(WHAT THE TASK REQUIRES):
Could you transcribe exactly the lines from the one containing "انطلاق فعاليات سباق" through the end of the listing below, both included, but none of the pictures?

(THE RECORDS):
:::

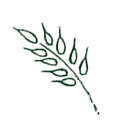 Country Products Limited logo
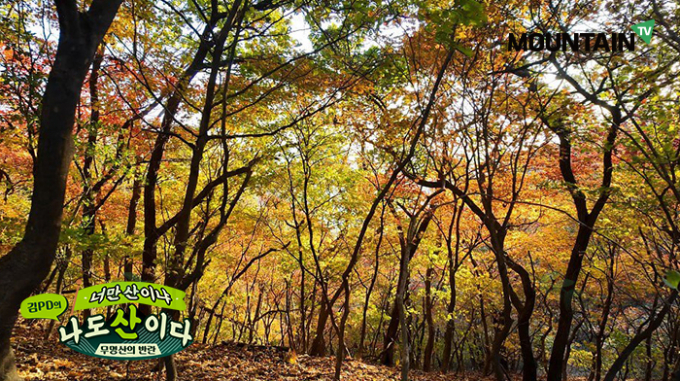 잘 알려지지 않은 산의 자연과 인문, 그리고 역사를 담아온 '김PD의 너만 산이냐 나도 산이다'에서는 남양주 예봉산과 강릉 제왕산의 역사와 이야기를 조명한다. 사진은 예봉산 정상 가는 길에 만난 단풍 군락. /사진=마운틴TV 제공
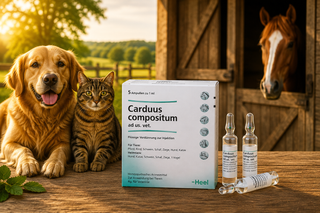 Carduus Compositum - 5ml Ampoules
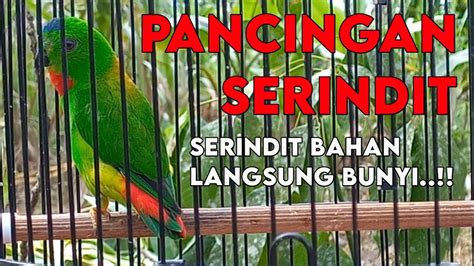 Serindit Gacor Pancingan Serindit Agar Bunyi Srindit Serindit Jantan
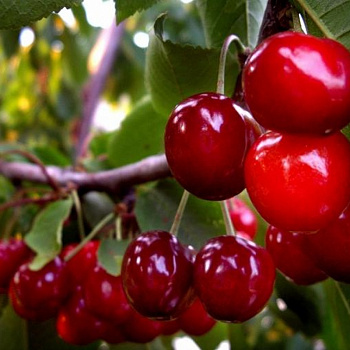 Вишня обыкновенная Лебедянская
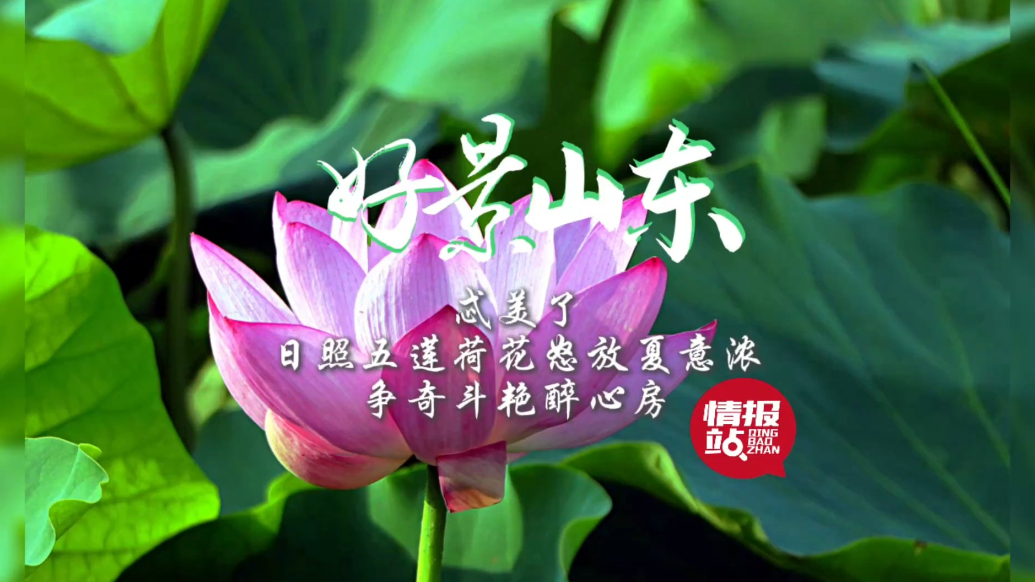 果然视频·好景山东|日照五莲荷花怒放夏意浓，争奇斗艳醉心房
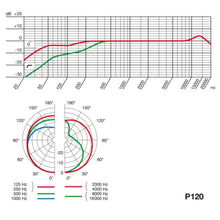 Cargar imagen en el visor de la galería, Micrófono Condensador AKG P120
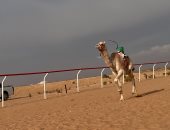انطلاق فعاليات سباق الهجن بالعريش احتفالاً بذكرى تحرير سيناء.. فيديو
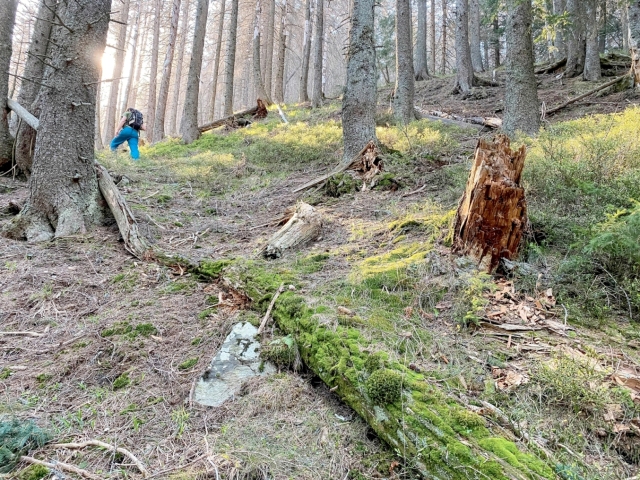 les, prales, Jalovecká dolina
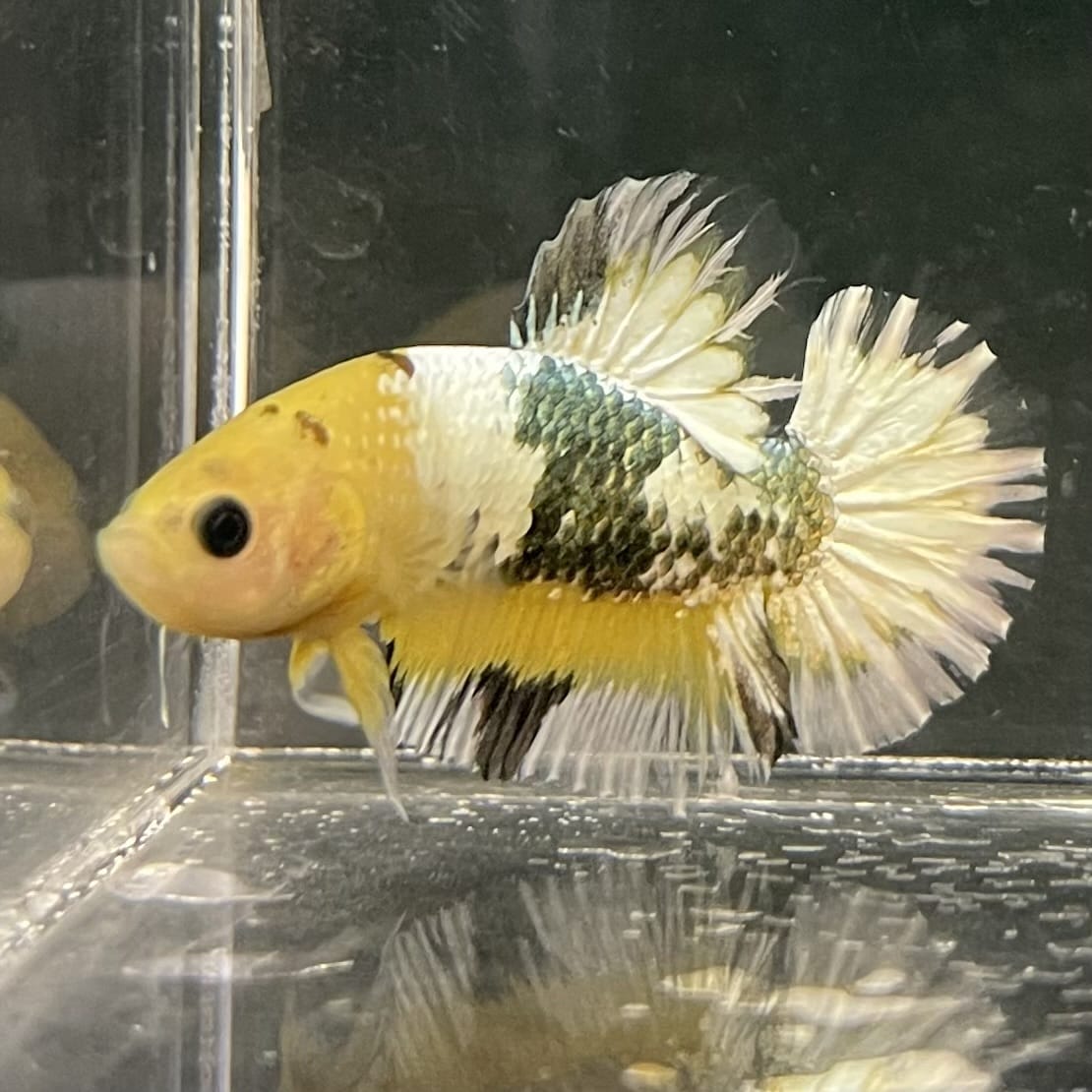 the-fish-farm Premium Male Betta Fancy Plakat Betta Male - One Only - 3 Buy this Premium Male Plakat Betta - One Only The Fish Farm Australia 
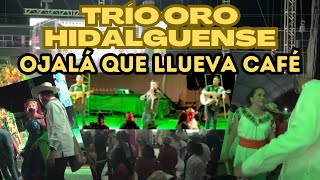 Trío Oro Hidalguense quotOjalá que llueva café en el campoquot [upl. by Ydoj]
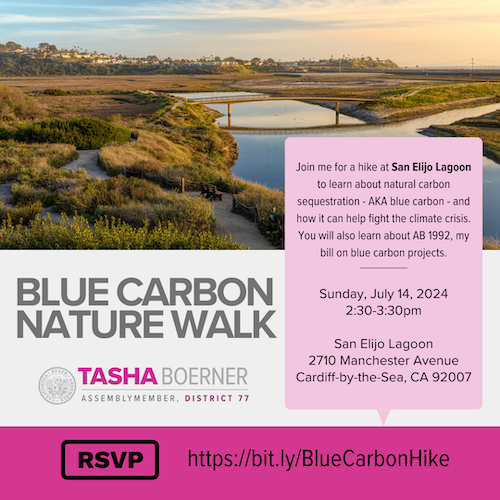 ad77 Blue Carbon Nature Walk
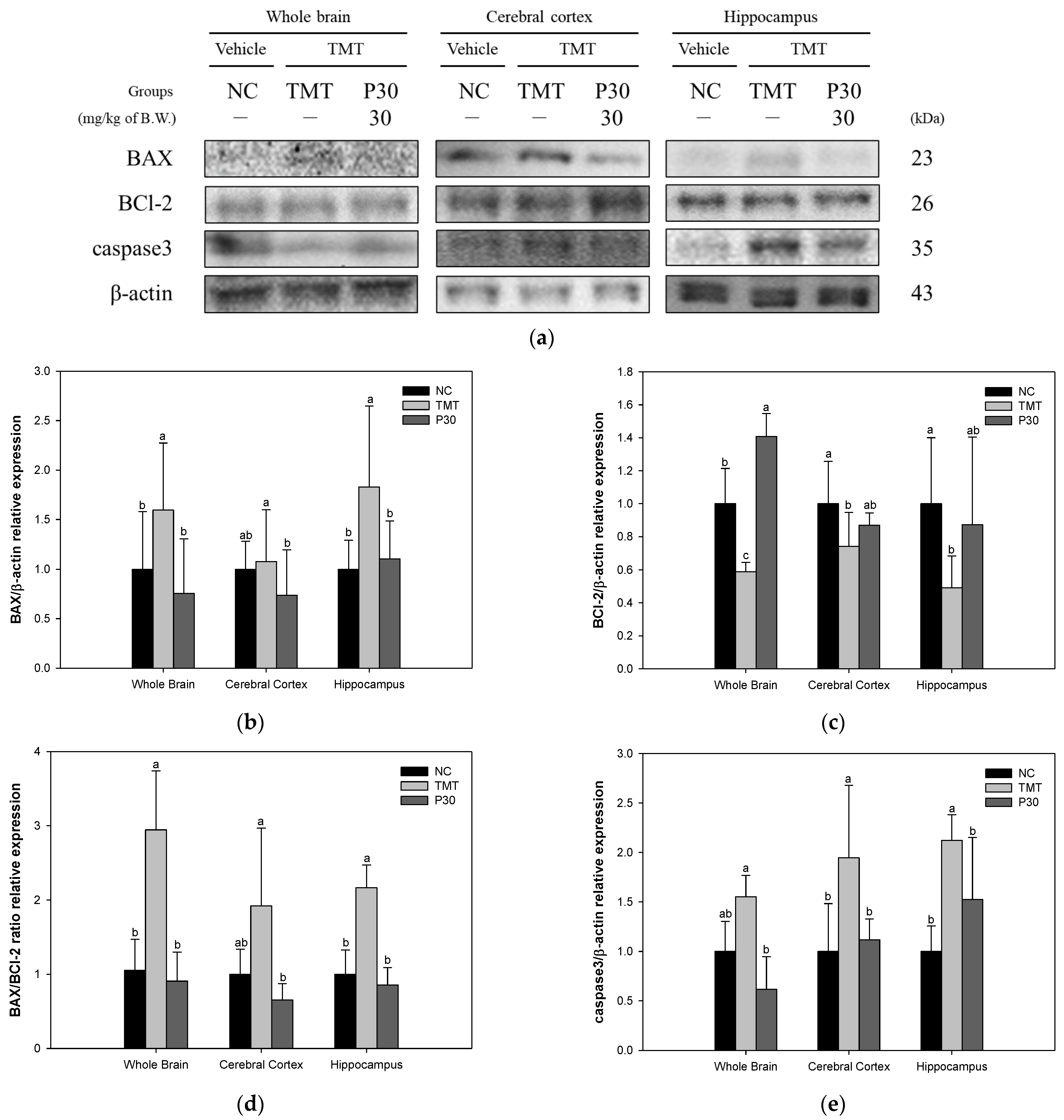 Ijms 24 14084 g009 Ijms 24 14084 g009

:::

(TASK SOLUTION):
انطلاق فعاليات سباق الهجن بالعريش احتفالاً بذكرى تحرير سيناء.. فيديو
 les, prales, Jalovecká dolina
 the-fish-farm Premium Male Betta Fancy Plakat Betta Male - One Only - 3 Buy this Premium Male Plakat Betta - One Only The Fish Farm Australia 
 Trío Oro Hidalguense quotOjalá que llueva café en el campoquot [upl. by Ydoj]
 ad77 Blue Carbon Nature Walk
 Ijms 24 14084 g009 Ijms 24 14084 g009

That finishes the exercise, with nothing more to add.